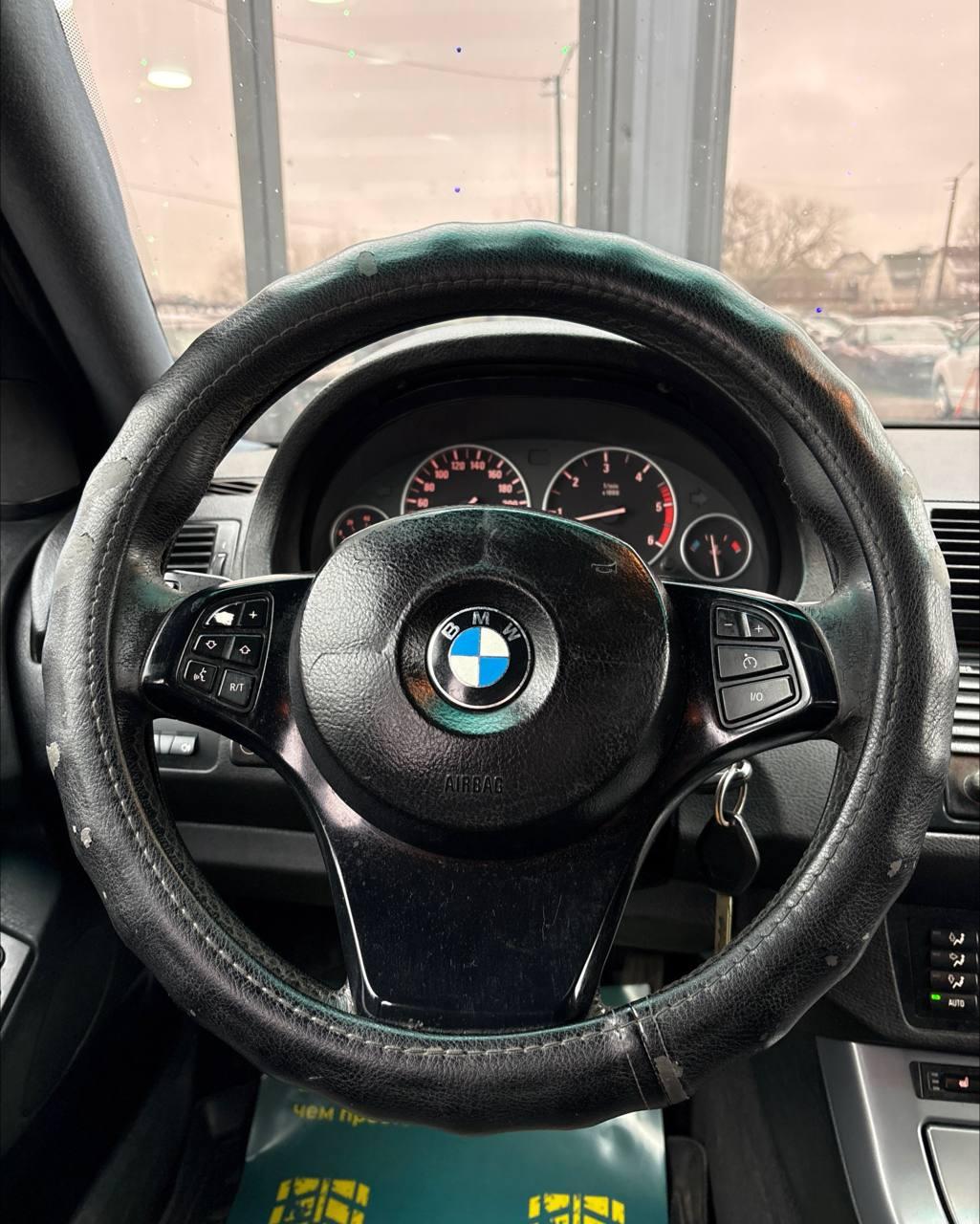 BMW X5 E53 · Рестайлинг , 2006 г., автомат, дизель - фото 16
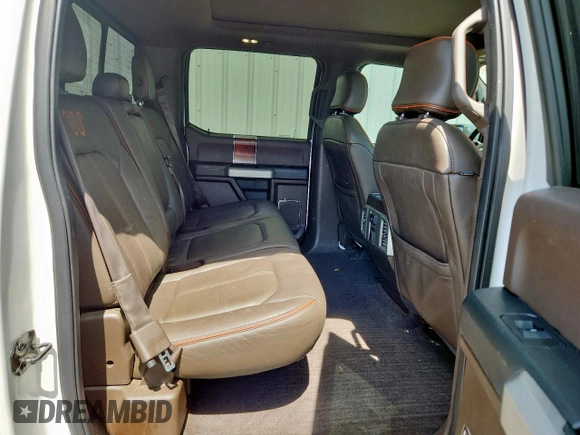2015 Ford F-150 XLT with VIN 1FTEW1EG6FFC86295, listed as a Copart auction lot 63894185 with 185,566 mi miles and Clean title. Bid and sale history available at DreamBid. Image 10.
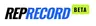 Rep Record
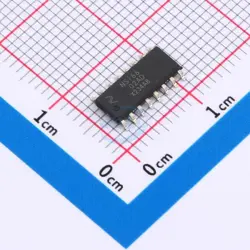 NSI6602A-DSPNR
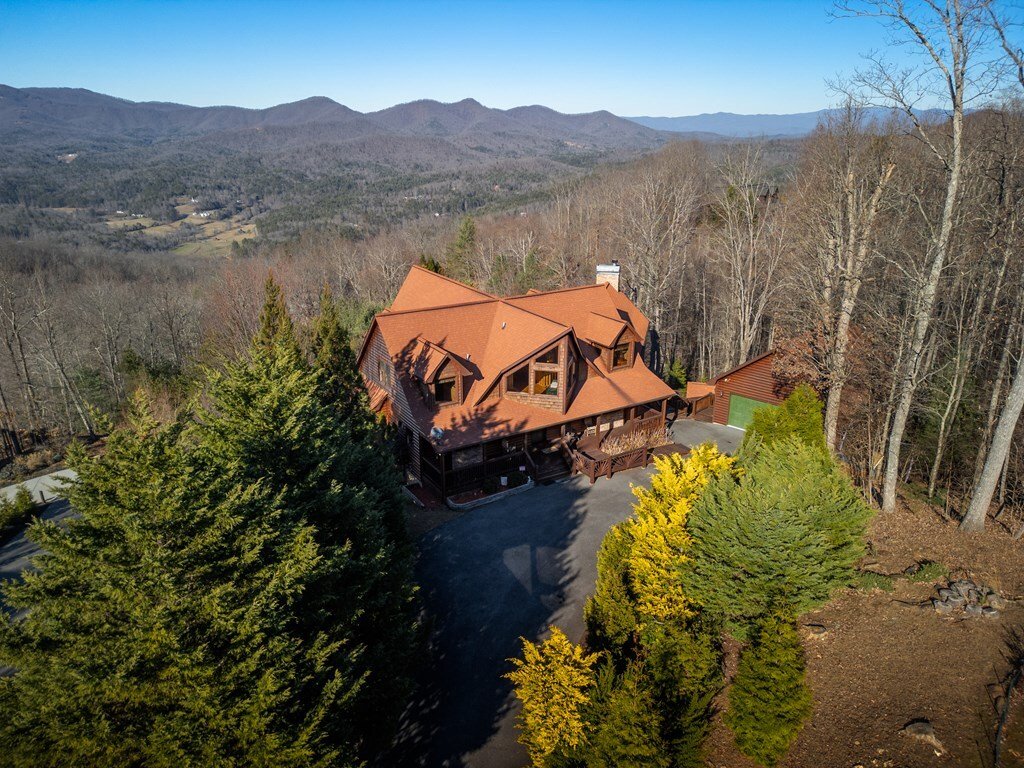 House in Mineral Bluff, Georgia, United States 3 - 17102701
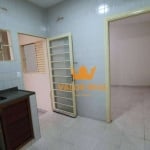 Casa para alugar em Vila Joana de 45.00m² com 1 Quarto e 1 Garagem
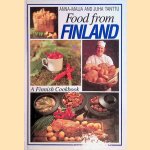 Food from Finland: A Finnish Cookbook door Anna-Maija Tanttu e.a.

> [Exercise aim]
Repeat every line of the data above exactly, but drop the pictures.

> [Exercise response]
 BMW X5 E53 · Рестайлинг , 2006 г., автомат, дизель - фото 16
2015 Ford F-150 XLT with VIN 1FTEW1EG6FFC86295, listed as a Copart auction lot 63894185 with 185,566 mi miles and Clean title. Bid and sale history available at DreamBid. Image 10.
 Rep Record
 NSI6602A-DSPNR
 House in Mineral Bluff, Georgia, United States 3 - 17102701
 Casa para alugar em Vila Joana de 45.00m² com 1 Quarto e 1 Garagem
 Food from Finland: A Finnish Cookbook door Anna-Maija Tanttu e.a.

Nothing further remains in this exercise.